A memory_put follows a different path — same entry layer, but the command writes through core::db with optimistic concurrency, fires the FTS5 triggers, enqueues a core::inference chunk-and-embed job, and commits the WAL.

quaid serve is a single async Tokio process. Per-request concurrency is fine; one writer at a time is enforced by SQLite’s WAL semantics. Long-running embedding work happens behind a job queue (embedding_jobs) so the request handler can return promptly.

When the file watcher is enabled, a small notify-based watcher thread observes attached collection roots, debounces edits (QUAID_WATCH_DEBOUNCE_MS, default 1500 ms), and forwards reconcile work to the same backend.

Within memory.db:

  • pages and page_fts form the document store. FTS5 is content-rowid backed; triggers keep it in sync.
  • page_embeddings_vec_<dim> are sqlite-vec virtual tables — one per embedding width. The active model’s table is identified by embedding_models.vec_table.
  • page_embeddings is a metadata join table that maps vec rowids back to chunk text and content hashes for stale detection.
  • links and assertions carry the graph and contradiction detection respectively. Both support temporal validity.
  • knowledge_gaps stores hashes by default; raw text only after explicit approval (see Privacy).
  • collections and file_state track attached vaults and the watcher’s last-seen state.

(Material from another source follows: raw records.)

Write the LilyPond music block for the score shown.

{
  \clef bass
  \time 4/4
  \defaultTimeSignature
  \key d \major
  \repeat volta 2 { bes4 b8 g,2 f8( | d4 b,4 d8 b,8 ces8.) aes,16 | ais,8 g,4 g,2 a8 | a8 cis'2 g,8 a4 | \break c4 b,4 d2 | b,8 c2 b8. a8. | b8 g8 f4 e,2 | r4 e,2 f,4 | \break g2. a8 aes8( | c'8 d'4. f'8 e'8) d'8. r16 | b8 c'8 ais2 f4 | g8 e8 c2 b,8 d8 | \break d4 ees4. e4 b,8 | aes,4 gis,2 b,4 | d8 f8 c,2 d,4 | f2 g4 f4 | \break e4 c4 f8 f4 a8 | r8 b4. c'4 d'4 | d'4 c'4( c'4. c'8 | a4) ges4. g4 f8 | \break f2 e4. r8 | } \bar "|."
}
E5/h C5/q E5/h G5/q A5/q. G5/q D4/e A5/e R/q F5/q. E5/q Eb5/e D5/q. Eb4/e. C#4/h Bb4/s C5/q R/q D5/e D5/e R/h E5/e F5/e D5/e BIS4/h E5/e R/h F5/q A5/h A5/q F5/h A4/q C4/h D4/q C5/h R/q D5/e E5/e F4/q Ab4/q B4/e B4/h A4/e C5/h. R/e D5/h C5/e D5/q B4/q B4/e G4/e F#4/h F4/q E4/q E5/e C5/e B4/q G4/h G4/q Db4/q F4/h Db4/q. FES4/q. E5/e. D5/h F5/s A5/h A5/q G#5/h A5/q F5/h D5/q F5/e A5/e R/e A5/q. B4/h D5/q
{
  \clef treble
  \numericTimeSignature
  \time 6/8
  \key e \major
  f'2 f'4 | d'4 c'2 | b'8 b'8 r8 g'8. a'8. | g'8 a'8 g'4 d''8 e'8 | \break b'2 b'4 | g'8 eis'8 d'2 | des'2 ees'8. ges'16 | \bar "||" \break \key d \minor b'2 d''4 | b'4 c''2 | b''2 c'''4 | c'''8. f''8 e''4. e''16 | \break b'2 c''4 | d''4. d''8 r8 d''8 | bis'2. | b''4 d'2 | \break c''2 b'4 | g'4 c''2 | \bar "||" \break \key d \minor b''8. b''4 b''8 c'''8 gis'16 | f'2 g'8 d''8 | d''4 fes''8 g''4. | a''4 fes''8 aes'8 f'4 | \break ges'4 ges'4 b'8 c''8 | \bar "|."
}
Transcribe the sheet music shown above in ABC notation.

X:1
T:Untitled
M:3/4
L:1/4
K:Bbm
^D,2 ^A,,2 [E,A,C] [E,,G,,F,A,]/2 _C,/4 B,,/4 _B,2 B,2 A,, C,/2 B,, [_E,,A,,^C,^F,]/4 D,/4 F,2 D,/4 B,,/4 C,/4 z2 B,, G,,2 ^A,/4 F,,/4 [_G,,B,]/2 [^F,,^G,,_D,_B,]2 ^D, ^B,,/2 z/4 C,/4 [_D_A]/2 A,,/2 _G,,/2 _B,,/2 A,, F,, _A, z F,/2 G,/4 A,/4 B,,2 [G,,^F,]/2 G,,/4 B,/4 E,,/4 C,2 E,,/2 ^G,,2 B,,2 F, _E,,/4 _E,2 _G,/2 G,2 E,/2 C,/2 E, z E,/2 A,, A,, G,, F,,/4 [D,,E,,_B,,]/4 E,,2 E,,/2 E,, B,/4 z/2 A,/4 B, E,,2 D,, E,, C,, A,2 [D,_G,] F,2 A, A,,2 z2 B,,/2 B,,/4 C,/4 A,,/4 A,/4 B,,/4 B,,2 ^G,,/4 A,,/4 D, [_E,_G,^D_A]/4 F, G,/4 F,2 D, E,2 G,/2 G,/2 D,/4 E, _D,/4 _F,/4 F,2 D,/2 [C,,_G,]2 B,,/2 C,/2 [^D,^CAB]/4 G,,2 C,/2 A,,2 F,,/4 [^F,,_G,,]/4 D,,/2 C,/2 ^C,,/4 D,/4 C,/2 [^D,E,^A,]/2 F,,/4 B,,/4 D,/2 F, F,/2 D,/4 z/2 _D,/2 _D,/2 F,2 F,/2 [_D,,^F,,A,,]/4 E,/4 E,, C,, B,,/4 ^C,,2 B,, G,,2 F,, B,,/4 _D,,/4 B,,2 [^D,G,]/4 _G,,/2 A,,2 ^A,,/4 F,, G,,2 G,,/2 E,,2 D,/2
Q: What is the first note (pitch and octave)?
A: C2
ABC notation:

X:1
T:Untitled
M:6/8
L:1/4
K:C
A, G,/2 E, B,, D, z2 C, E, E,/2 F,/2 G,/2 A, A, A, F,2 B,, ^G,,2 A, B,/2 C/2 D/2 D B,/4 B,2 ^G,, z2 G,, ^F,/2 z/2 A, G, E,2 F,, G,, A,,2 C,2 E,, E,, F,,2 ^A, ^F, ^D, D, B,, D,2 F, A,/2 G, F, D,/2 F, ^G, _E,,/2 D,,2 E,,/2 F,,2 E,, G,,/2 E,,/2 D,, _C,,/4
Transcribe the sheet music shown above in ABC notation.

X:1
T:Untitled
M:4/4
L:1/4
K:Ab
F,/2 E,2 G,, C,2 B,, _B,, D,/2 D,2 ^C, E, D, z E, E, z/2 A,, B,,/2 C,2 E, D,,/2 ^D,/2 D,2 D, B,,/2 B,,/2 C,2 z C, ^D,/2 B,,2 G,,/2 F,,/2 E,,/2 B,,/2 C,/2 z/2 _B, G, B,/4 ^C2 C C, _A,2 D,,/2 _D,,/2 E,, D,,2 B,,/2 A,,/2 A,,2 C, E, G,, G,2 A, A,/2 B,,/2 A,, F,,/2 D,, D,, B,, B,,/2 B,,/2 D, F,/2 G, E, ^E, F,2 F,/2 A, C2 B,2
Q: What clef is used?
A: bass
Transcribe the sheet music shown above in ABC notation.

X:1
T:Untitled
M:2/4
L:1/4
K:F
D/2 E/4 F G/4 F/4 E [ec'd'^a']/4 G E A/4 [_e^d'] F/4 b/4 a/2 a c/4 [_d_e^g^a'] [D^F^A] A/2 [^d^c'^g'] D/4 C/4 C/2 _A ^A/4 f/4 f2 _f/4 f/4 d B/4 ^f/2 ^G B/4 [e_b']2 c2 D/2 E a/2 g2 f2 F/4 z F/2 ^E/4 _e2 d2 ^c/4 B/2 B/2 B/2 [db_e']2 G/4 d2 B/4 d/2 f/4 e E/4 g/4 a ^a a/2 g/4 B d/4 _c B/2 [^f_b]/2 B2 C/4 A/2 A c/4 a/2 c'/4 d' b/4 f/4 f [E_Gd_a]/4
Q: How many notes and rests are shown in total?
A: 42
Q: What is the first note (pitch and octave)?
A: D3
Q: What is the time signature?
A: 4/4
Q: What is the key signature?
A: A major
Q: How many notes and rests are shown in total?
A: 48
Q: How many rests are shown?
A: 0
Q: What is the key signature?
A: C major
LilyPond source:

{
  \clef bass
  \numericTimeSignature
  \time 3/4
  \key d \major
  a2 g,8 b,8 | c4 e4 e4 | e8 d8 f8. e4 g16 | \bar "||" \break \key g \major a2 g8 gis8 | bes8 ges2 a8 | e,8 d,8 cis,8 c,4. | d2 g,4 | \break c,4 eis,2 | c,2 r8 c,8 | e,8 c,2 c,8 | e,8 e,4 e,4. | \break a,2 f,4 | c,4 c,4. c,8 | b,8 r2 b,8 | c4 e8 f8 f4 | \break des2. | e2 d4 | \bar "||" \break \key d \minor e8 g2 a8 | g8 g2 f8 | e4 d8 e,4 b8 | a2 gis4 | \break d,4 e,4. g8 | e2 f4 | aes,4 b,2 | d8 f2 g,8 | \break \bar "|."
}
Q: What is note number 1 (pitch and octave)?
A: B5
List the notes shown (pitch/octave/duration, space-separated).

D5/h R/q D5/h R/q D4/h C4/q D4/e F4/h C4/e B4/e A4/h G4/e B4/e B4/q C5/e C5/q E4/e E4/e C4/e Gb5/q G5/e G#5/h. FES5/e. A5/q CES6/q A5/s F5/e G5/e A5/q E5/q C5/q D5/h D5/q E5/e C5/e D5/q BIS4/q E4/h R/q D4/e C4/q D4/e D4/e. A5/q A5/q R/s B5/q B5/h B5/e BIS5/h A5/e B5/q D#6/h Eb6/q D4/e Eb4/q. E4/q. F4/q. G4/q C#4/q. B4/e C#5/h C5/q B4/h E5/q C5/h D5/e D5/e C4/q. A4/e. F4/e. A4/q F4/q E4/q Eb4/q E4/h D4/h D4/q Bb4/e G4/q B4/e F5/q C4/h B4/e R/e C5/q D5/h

See Schema for the field-level reference.

The same source tree produces two binaries:

ChannelFeature flagsBinary sizeModel assets
Airgapped (default)embedded-model~180 MBBGE-small embedded
Onlinebundled,online-model~90 MBCached on first use

The MCP server, the CLI, and every command are identical between channels. The only differences are (a) where the model weights come from and (b) whether --model selects a non-default model at runtime.

The design priorities were, in order:

  1. One file you can move. SQLite is the only persistent format that is both a real relational database and a single portable artifact.
  2. Same surface for humans and agents. The CLI exists for ergonomic shell use; the MCP server exists for agents. Sharing the command layer prevents drift.
  3. Local-first compute. Bringing the embedding model into the binary (or, on the online channel, into a one-time cache) means the memory never needs the network.
  4. Thin harness, fat skills. Workflow intelligence lives in markdown skill files (skills/*/SKILL.md), not in code. Editing a workflow is a markdown change, not a release.